Anyway, it’s fun how the topic and style of the episode come together well. The things it actually has to say about homophobia aren’t particularly unique (although what unique point can one possibly make on homophobia at this point?), and the show has made absurd expressions of ridiculous thought processes its bread and butter for a long time, but filtering homophobia through the Simpsons sense of humour ends up generating some great comic setpieces. The fundamental joke of the episode is that Homer is projecting his expectations of manhood onto Bart’s innocent childhood actions; some of what he’s doing is just imitating an adult he thinks is cool, and a lot of it is a kid just playing like a kid always does – I love how many shots there are of Bart looking up in almost literal wide-eyed innocence. A homophobe has made up an idea of what people are supposed to be like that doesn’t match the reality, and that’s something “Homer’s Phobia” demonstrates on both a macro and micro level (“There’s only two guys who wear those shirts – gay guys and big fat party animals, and Bart doesn’t look like a big fat party animal to me!” / “So if you wore a Hawaiian shirt, it wouldn’t be gay?” / “Right! Thank you!”). The ending walks a fine line between predictable and zany. On the one hand, it’s a fairly straightforward example of the target of bigotry healing that rift by saving the life of the bigot; John gets a great line satirising the underlying idea of that (“Well, Homer, I saved your life. Now if every gay person could do that, you’d be set.”). On the other, it involves shooting reindeer and an a robot Santa Claus.

Chalkboard Gag: N/A
Couch Gag: Someone attempt to load the family via America Online, and it takes so long that they give up and try to click exit.

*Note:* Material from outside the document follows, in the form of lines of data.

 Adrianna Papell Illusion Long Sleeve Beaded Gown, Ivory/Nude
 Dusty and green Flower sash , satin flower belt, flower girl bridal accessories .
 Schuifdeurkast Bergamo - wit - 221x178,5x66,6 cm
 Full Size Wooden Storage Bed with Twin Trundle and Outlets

This episode was written by Ron Hauge and directed by Mike B Anderson. The concept came from a list of ideas George Meyer wrote, including “Bart the homo”, with the discussion on camp coming from Bill Oakley and Josh Weinstein. John Waters guest stars as John, and he accepted his invitation instantly, on the basis that if it was good enough for Elizabeth Taylor, it was good enough for him. John was largely based on Waters, though they drew his moustache with a wavy line to make it more clearly a moustache. The episode was nearly completely canned by the censors; the staff asked Waters if the gay community would find it offensive, and the only note was that he found the use of the word ‘fag’ objectionable, so it was changed to ‘queer’ (which is a better joke to me anyway). The censors issues came to nothing when, in a lucky break, the then-Fox president was fired along with the censors.

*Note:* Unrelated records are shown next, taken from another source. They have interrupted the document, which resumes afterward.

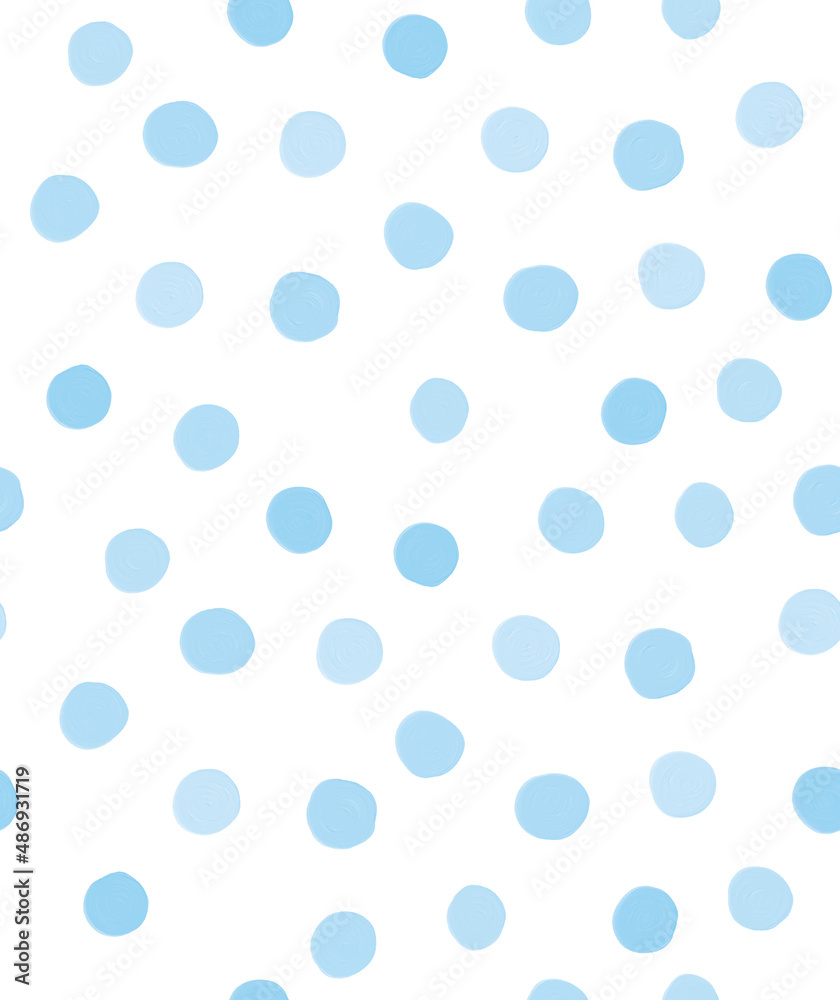 Simple Geometric Seamless Vector Patterns with Blue Hand Drawn Dots Isolated on a White Backgroud. Funny Abstract Irregular Dotted Print ideal for Fabric, Textile, Wrapping Paper.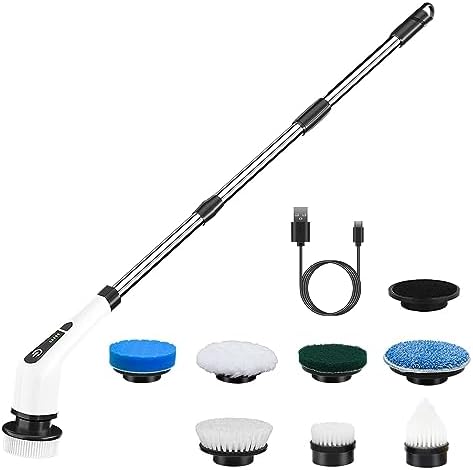 Electric Spin Scrubber, Cordless Telescopic Rechargeable Cleaning Brush, 8 Replaceable Heads, 2 Speed Adjustable for Bathroom & Floor
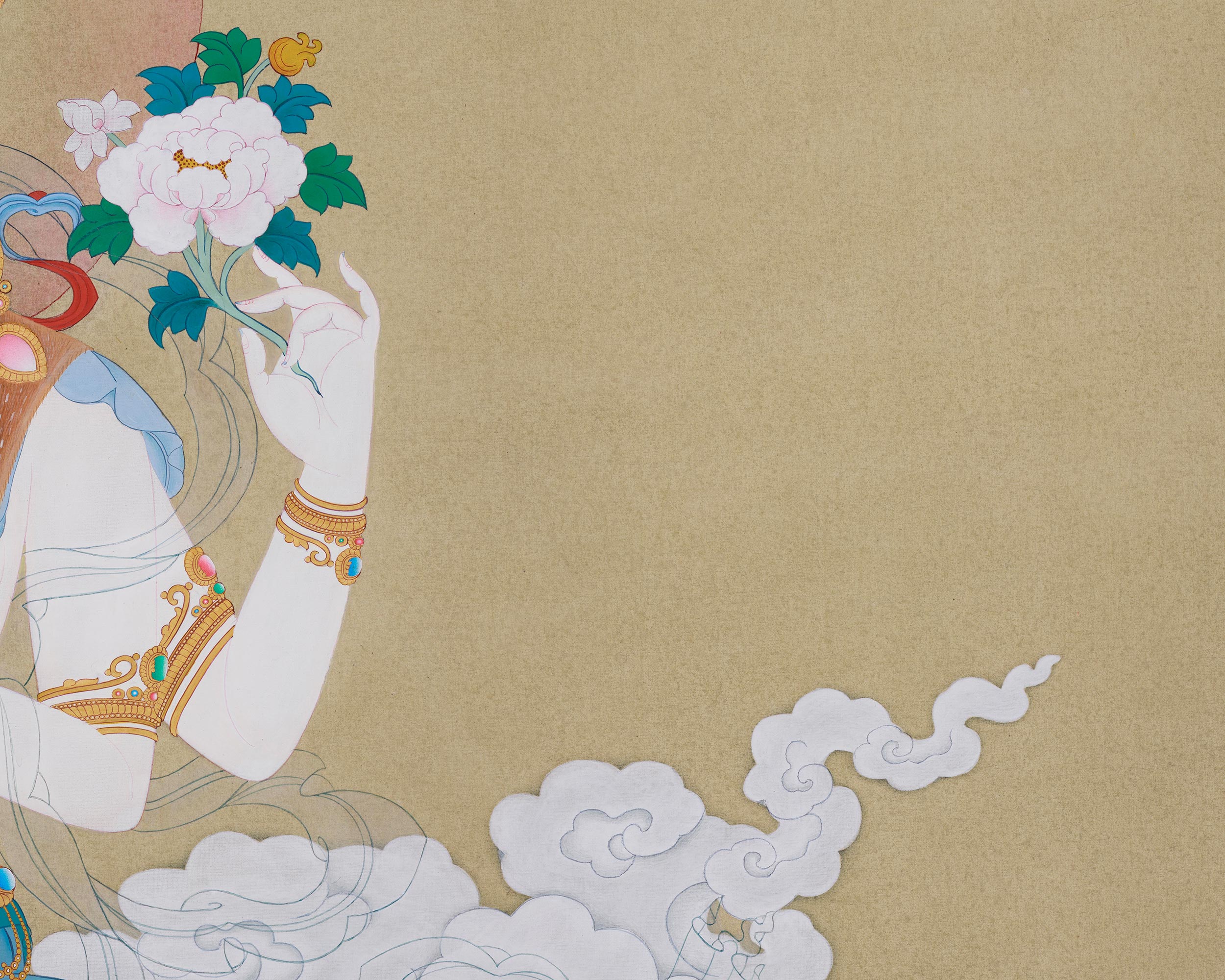 Original Hand-Painted Four-Armed Avalokiteshvara | A Majestic Thangka of Infinite Compassion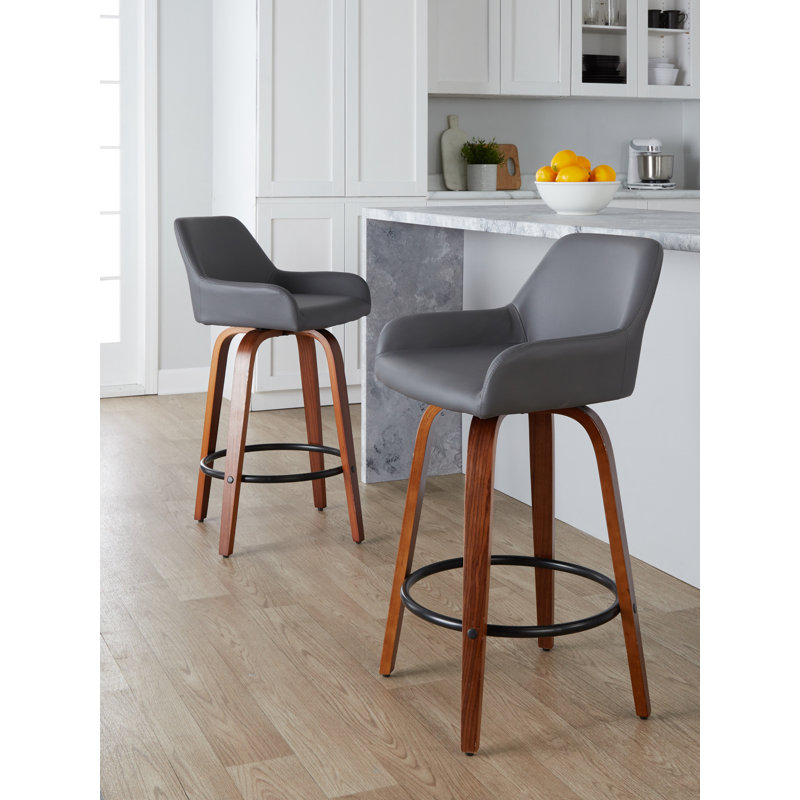 Cassiopeia Fixed-Height Bar & Counter Stool with Bent Wood Legs, Walnut, Counter Stool (26" Seat Height), Gray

There are two great, tiny character beats in this – Bart destroying the dryer with a kid lottery, and Skinner trying to find a non-partisan election button. I admit, this episode has precisely one queer trope I find annoying: someone using everything other than “he expressed an interest in men” to guess someone’s sexuality. My favourite satirical line is “Well, that or John.” I love the note that John clearly knows more about hunting than Homer does. “I don’t, but I loved hearing about it!” is possibly the purest Marge line ever. The episode won a GLAAD award, so clearly I’m not the only gay in the village who liked it.

Iconic Moments: “Camp! The tragically ludicrous, the ludicrously tragic?” / “Oh yeah, like when a clown dies.” / “Well, sort of.” | “He prefers the company of men.” / “Who doesn’t?” | “I like my beer cold, my TV loud, and my homosexuals flaming!” | “Zzzzzap!” is shitpost material. | “Dad, why did you bring me to a gay steel mill?” | “It looks like suicide again for me.”